==== Given entries

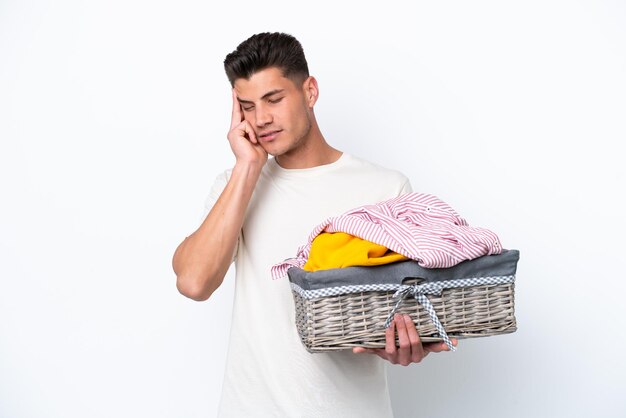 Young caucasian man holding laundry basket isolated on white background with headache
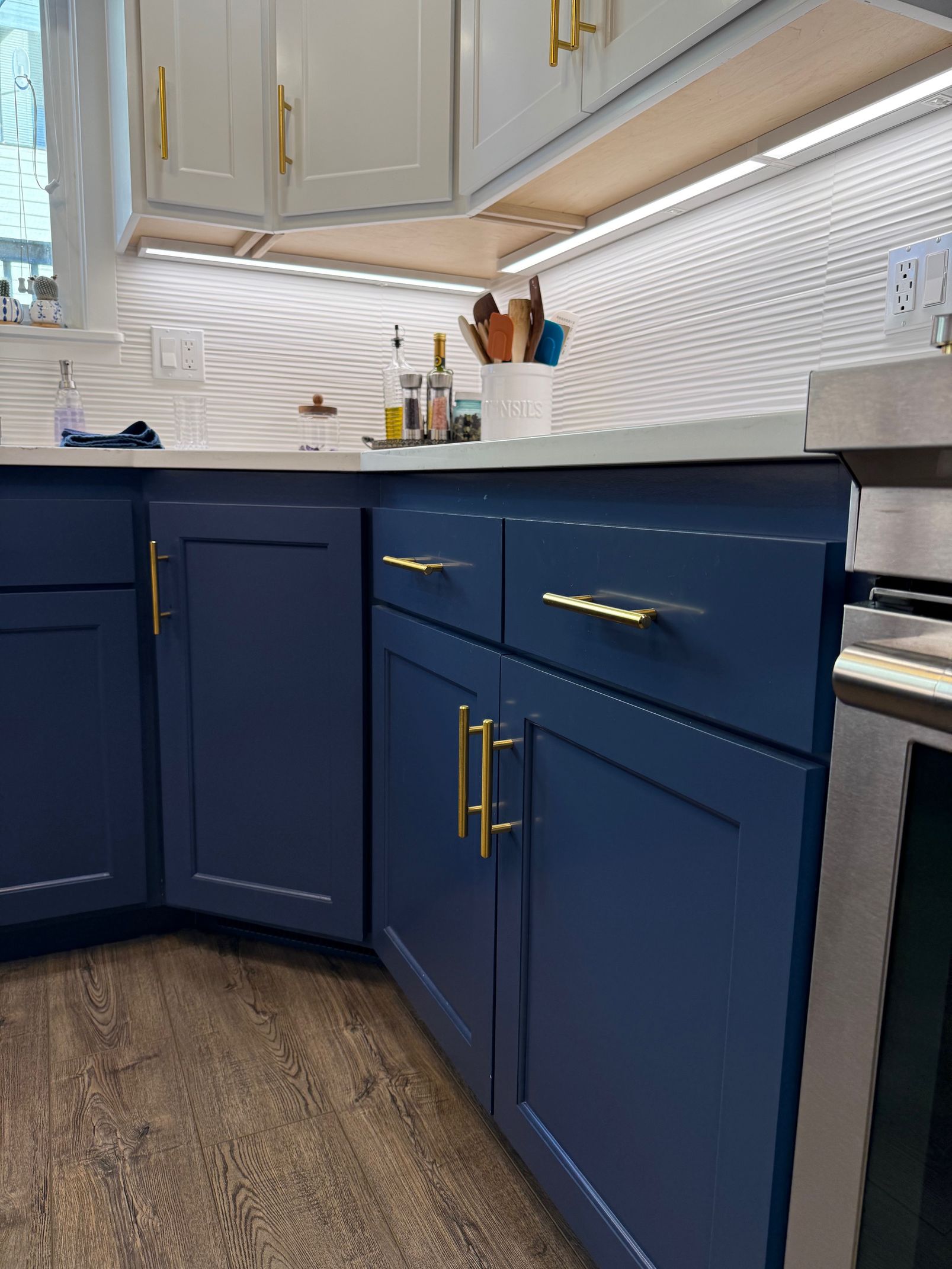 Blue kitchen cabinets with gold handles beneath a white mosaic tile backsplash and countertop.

========
==== Given entries

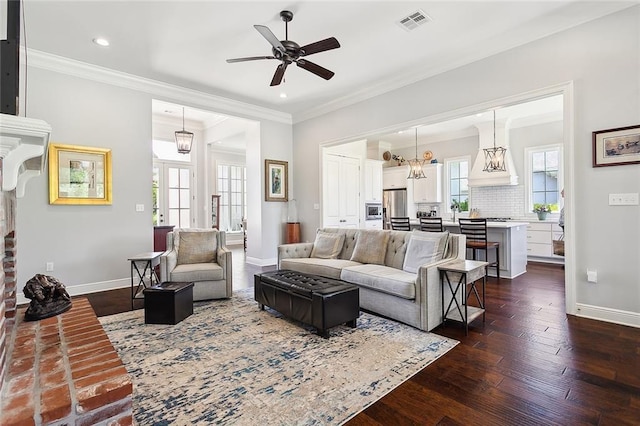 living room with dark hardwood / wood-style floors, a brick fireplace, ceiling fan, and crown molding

========
==== Given entries

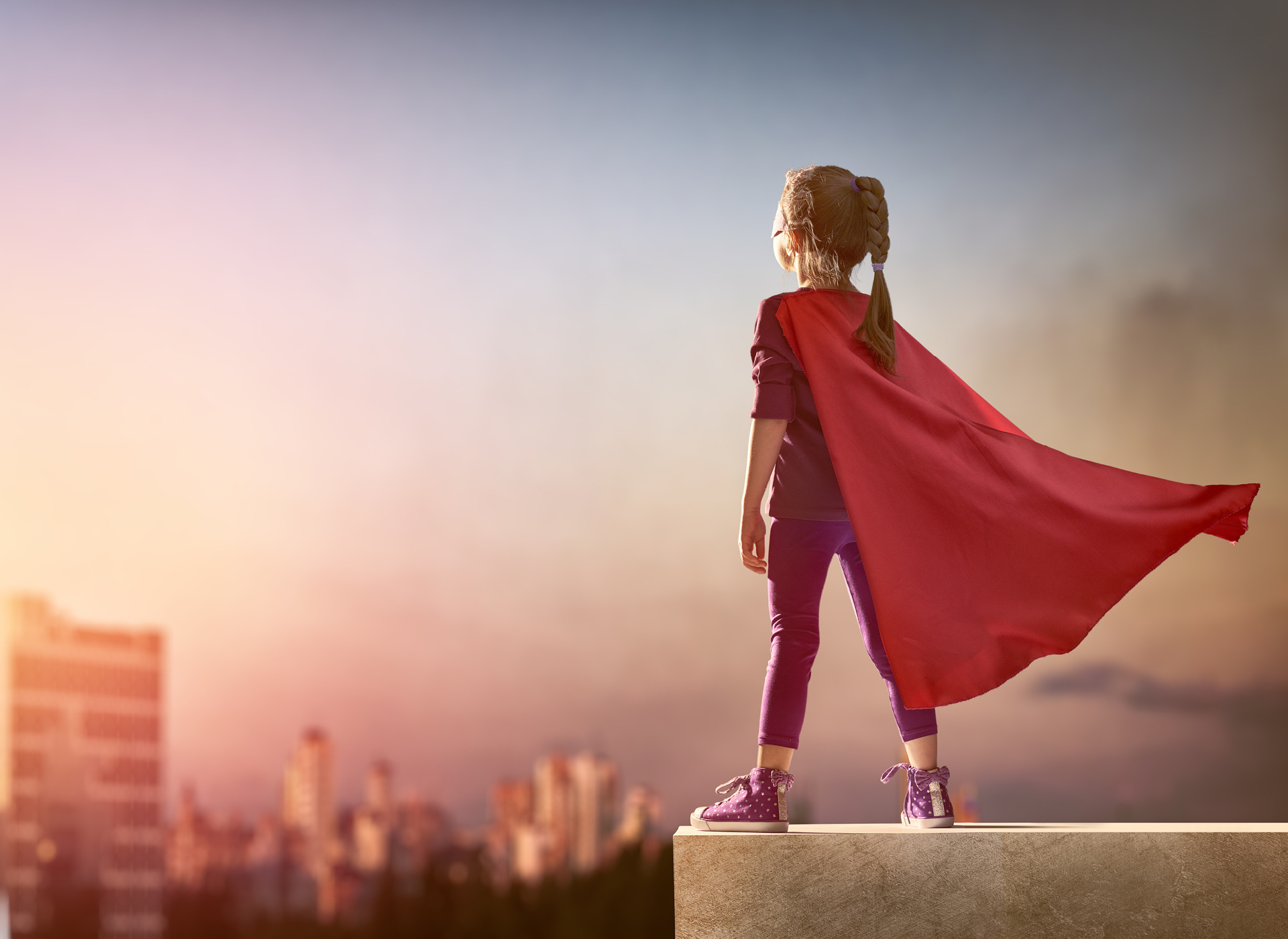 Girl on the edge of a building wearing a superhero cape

========

= What is being asked =
Line for line, output the entries above from the line with "Young caucasian man" to the line with "Blue kitchen cabinets", both included, and nothing more. Skip pictures.

= Answer for the task =
 Young caucasian man holding laundry basket isolated on white background with headache
 Blue kitchen cabinets with gold handles beneath a white mosaic tile backsplash and countertop.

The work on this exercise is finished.